Captioned web images
::::::

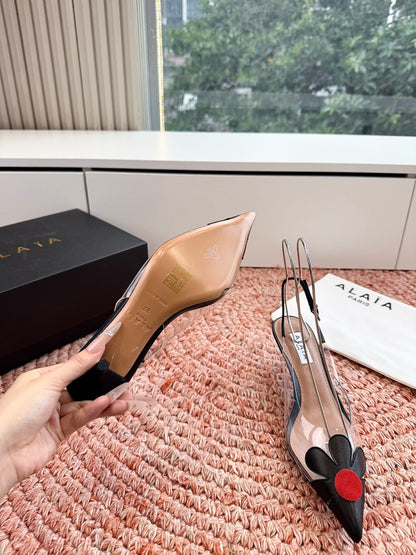 ALAIA 26S POINTED-TOE SLINGBACK HEELS IN BLACK LAMBSKIN AND TRANSPARENT PVC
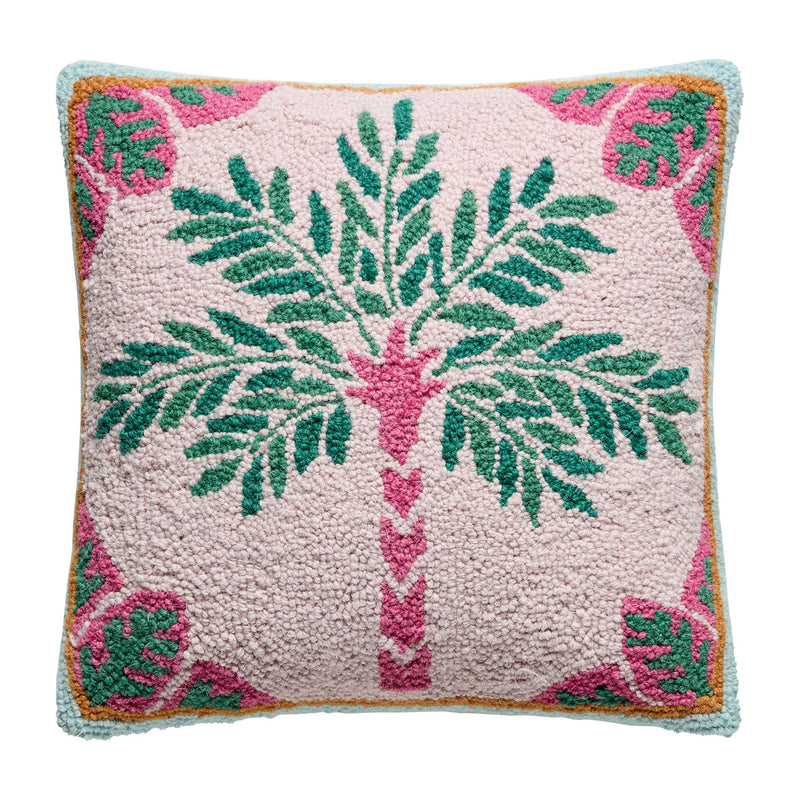 A square throw pillow featuring a hand-tufted palm tree design on a pale pink background, with green leaves, a pink trunk, and a border of pink monstera leaves and light blue trim.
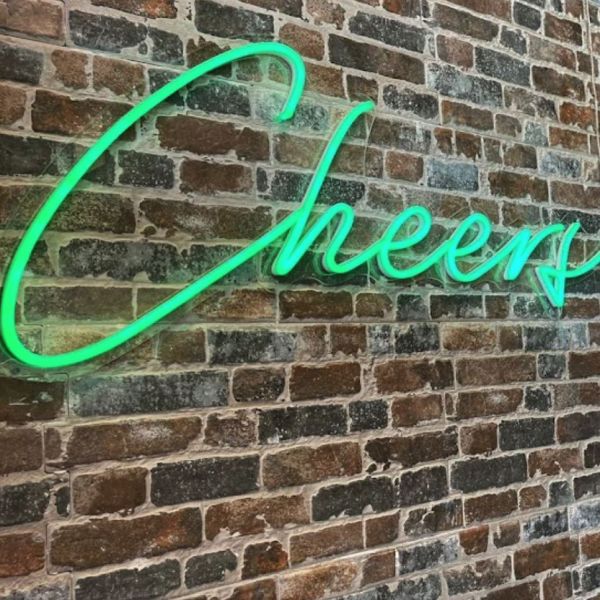 Cheers LED Neon Bar Sign in green on dark brick wall - Custom Neon®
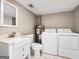 Functional laundry room with washer, dryer, water heater, utility sink, and a large mirror at 927 Dean Patrick Rd, Locust Grove, GA 30248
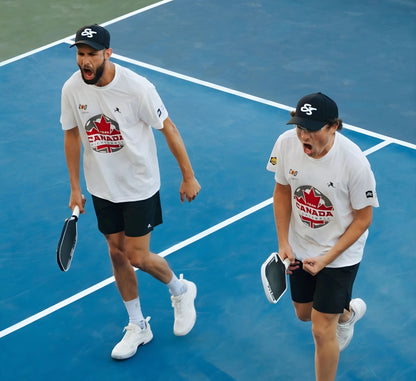 Two pickleball players on a court wearing Canada-themed shirts and hats.
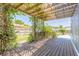 Lattice covered deck overgrown with vines in backyard at 2819 Silver Palm Dr, Edgewater, FL 32141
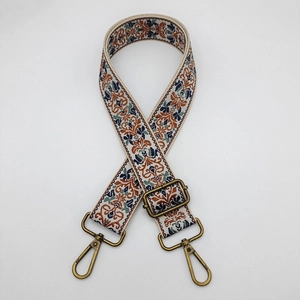 Adjustable wide ethnic embroidered bag strap with vintage floral pattern and bronze hooks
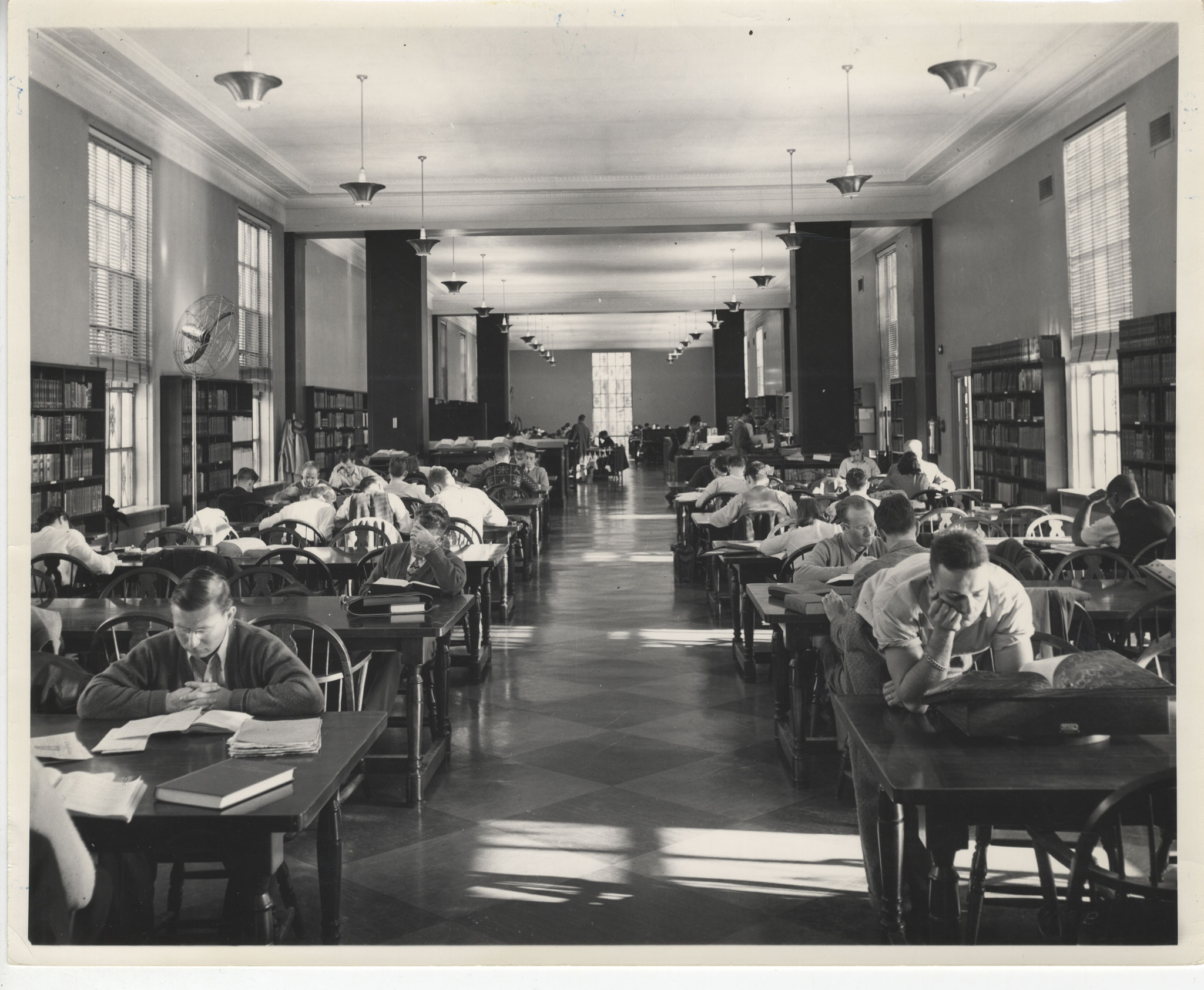 black and white photo of the library Reading Room by Penn State Libraries.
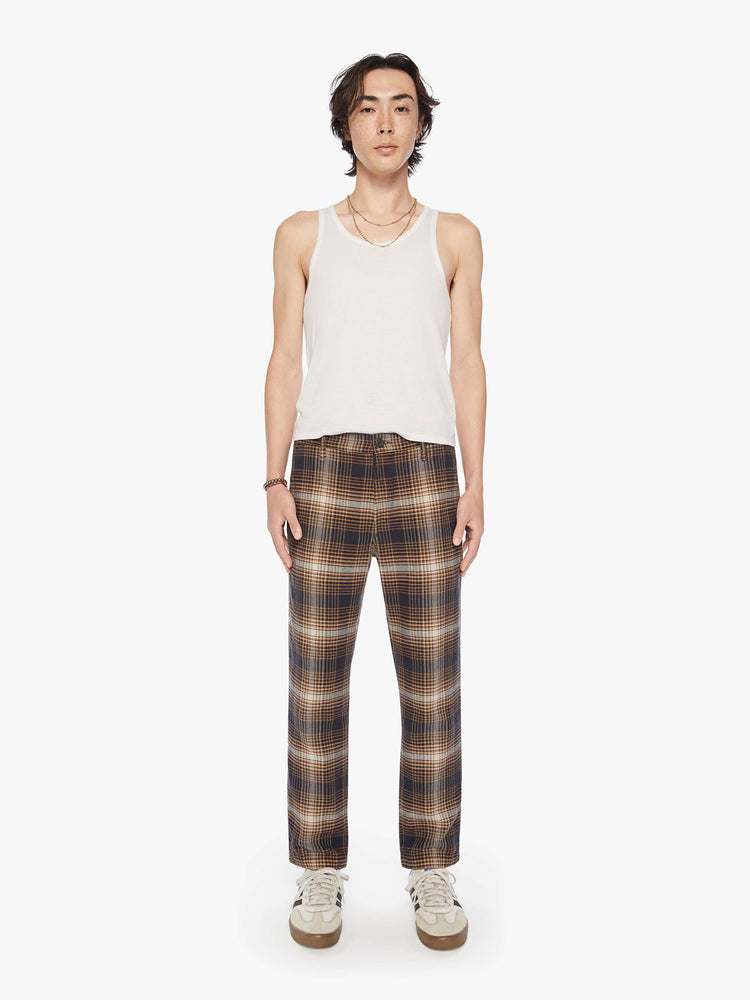 Front view of a mens classic pant with slash pockets and a relaxed, slim-straight leg in a vintage-inspired navy, white and orange plaid print.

::::::

Assigned task
Keep the pictures out, and write out the rest of the data above word for word.

Reply to the exercise
 ALAIA 26S POINTED-TOE SLINGBACK HEELS IN BLACK LAMBSKIN AND TRANSPARENT PVC
 A square throw pillow featuring a hand-tufted palm tree design on a pale pink background, with green leaves, a pink trunk, and a border of pink monstera leaves and light blue trim.
 Cheers LED Neon Bar Sign in green on dark brick wall - Custom Neon®
 Functional laundry room with washer, dryer, water heater, utility sink, and a large mirror at 927 Dean Patrick Rd, Locust Grove, GA 30248
 Two pickleball players on a court wearing Canada-themed shirts and hats.
 Lattice covered deck overgrown with vines in backyard at 2819 Silver Palm Dr, Edgewater, FL 32141
 Adjustable wide ethnic embroidered bag strap with vintage floral pattern and bronze hooks
 black and white photo of the library Reading Room by Penn State Libraries.
 Front view of a mens classic pant with slash pockets and a relaxed, slim-straight leg in a vintage-inspired navy, white and orange plaid print.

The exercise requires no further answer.